> PROBLEM DETAILS:
Go through the records and restate them word for word, omitting images.

· · ·

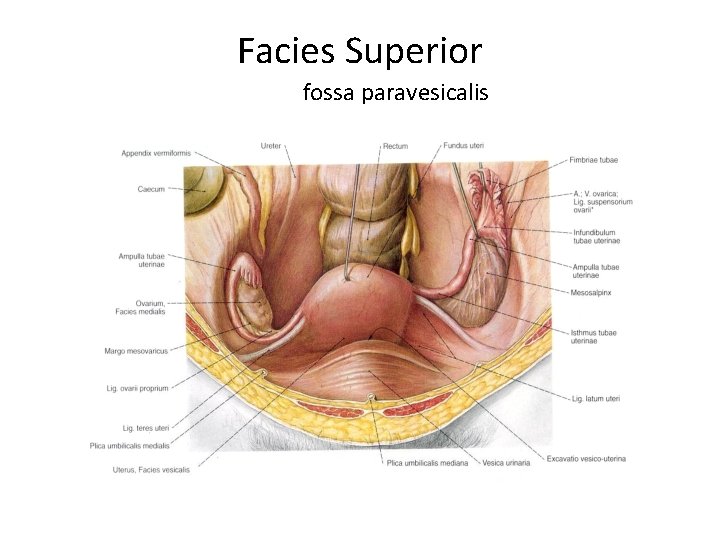 Facies Superior fossa paravesicalis 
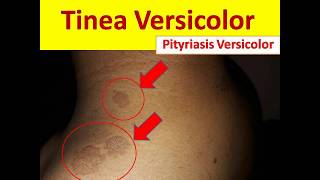 Tinea Versicolor in Young People  Pityriasis Versicolor [upl. by Enylecoj603]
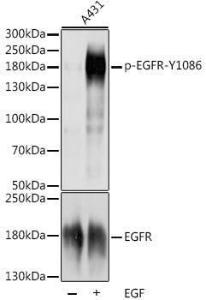 Western blot analysis of extracts of A-431 cells, using Goat Anti-Porcine IgG H&L Antibody (HRP) (A17359) at 1:1,000 dilution or EGFR antibody (A11351) A-431 cells were treated by EGF (100 ng/ml) at 37°C for 30 minutes after serum-starvation overnight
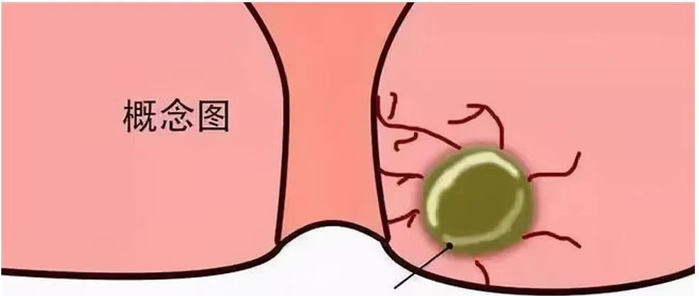 长沙东大肛肠医院:肛周脓肿术后有哪些注意事项?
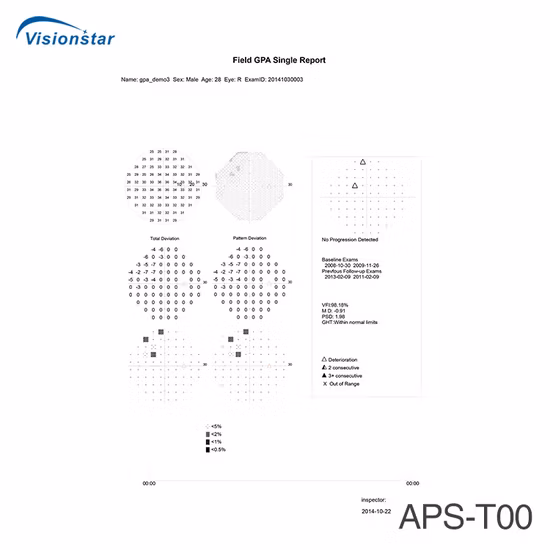High Quality CE Approved Brand New Visual Field Testing Equipment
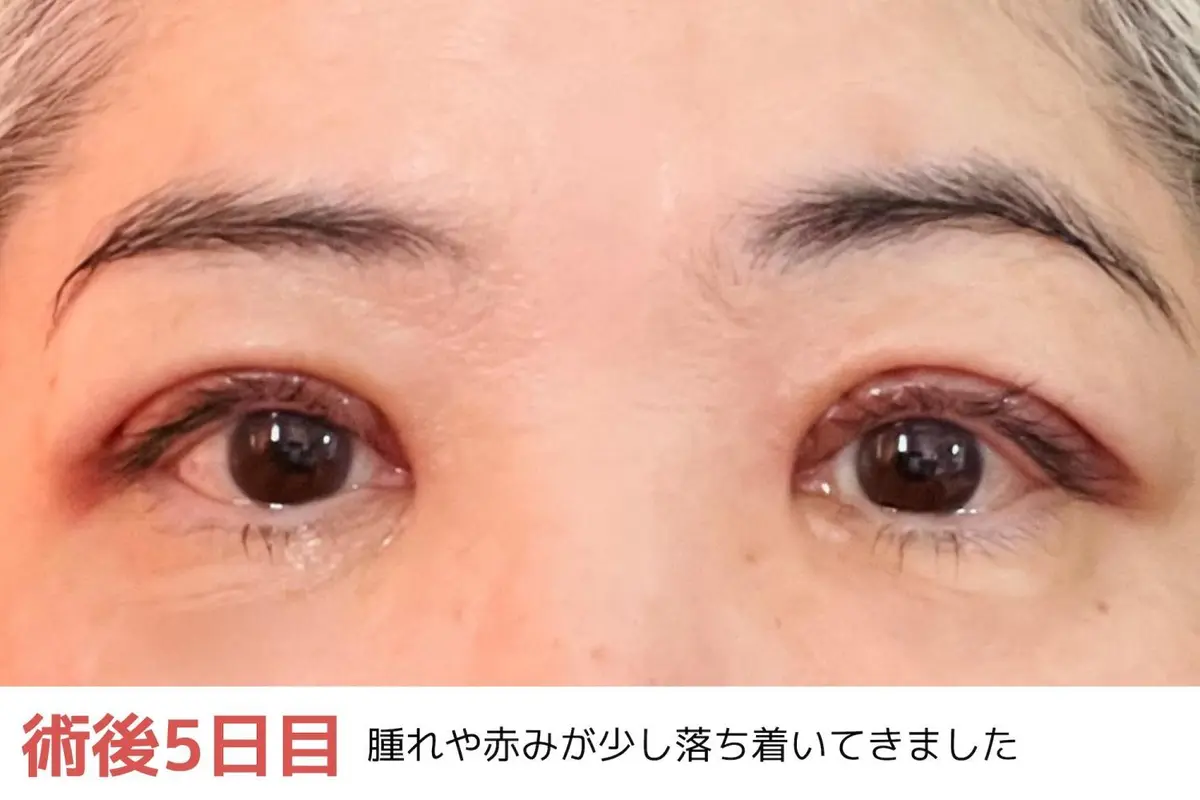 OurAge×Webエクラ　術後5日目　腫れや赤みが少し落ち着いてきました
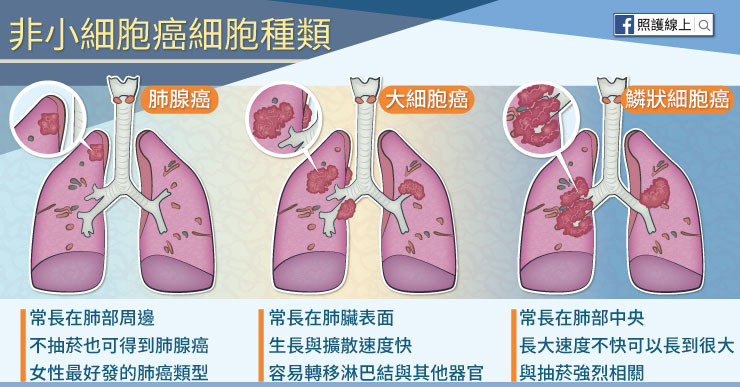 非小細胞癌細胞種類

· · ·

> SOLUTION TO THIS PROBLEM:
 Facies Superior fossa paravesicalis 
 Tinea Versicolor in Young People  Pityriasis Versicolor [upl. by Enylecoj603]
 Western blot analysis of extracts of A-431 cells, using Goat Anti-Porcine IgG H&L Antibody (HRP) (A17359) at 1:1,000 dilution or EGFR antibody (A11351) A-431 cells were treated by EGF (100 ng/ml) at 37°C for 30 minutes after serum-starvation overnight
 长沙东大肛肠医院:肛周脓肿术后有哪些注意事项?
High Quality CE Approved Brand New Visual Field Testing Equipment
 OurAge×Webエクラ　術後5日目　腫れや赤みが少し落ち着いてきました
 非小細胞癌細胞種類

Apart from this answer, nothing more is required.